*Data excerpt:*
↓↓↓

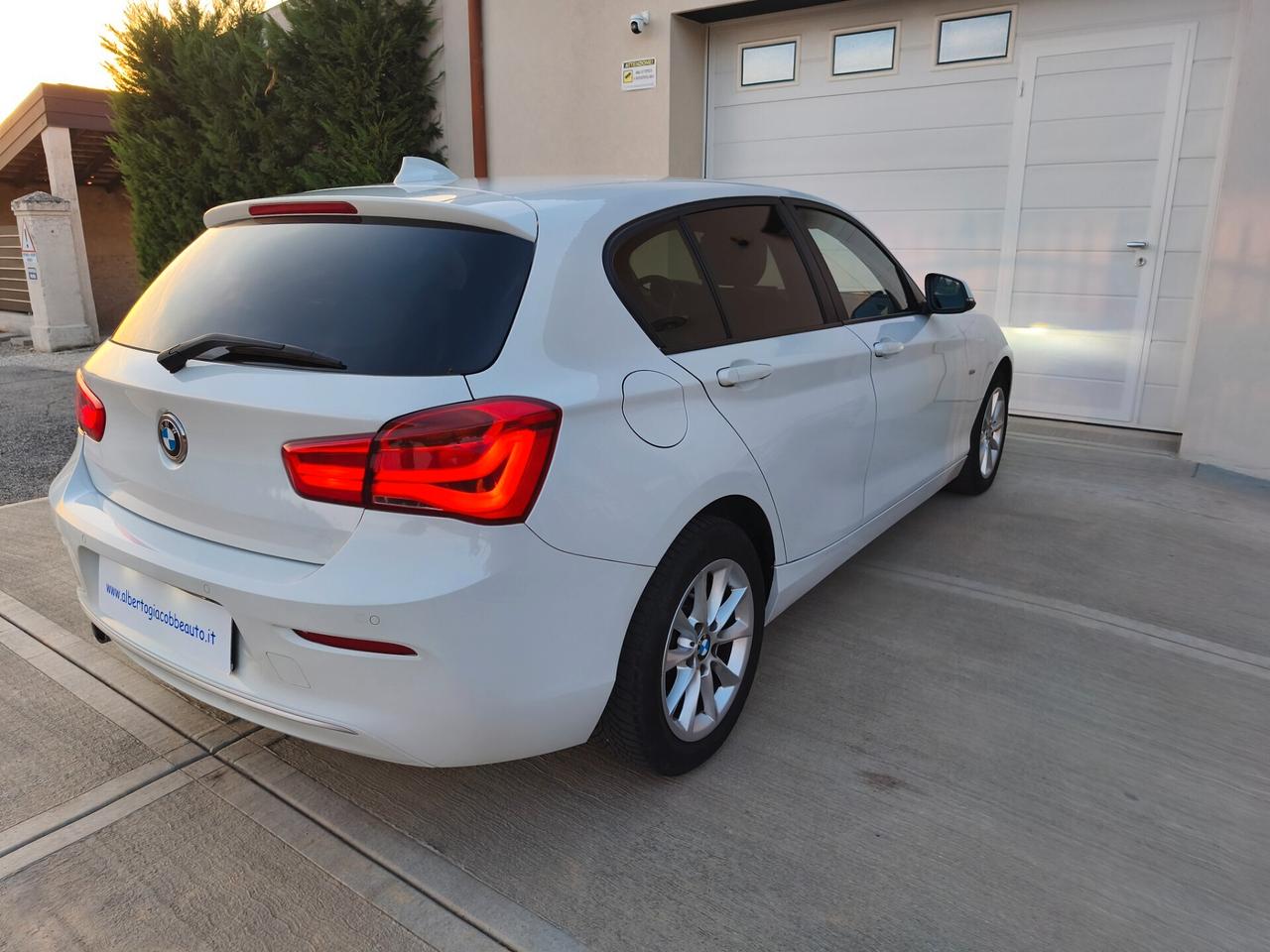Bmw 118 118d 5p. Urban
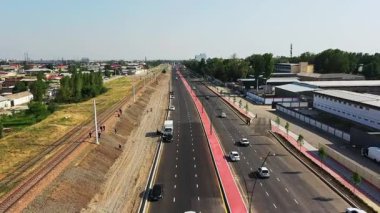 Otoyolun üzerinde bir dron. Güneşli bir yaz günü. Hava Görünümü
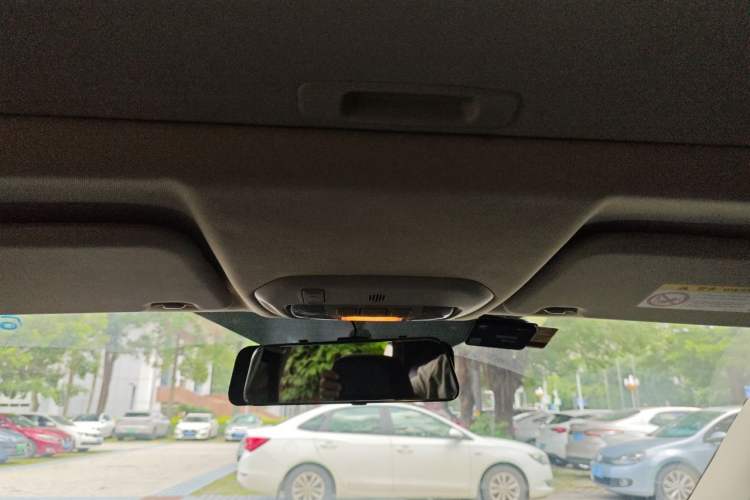 Used Ford Escort 2015 1.5L Automatic Fashion Model Headliner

↑↑↑

*What this task involves:* Images stay out, but the rest of the data above must be repeated exactly.

*Solution:*
Bmw 118 118d 5p. Urban
 Otoyolun üzerinde bir dron. Güneşli bir yaz günü. Hava Görünümü
 Used Ford Escort 2015 1.5L Automatic Fashion Model Headliner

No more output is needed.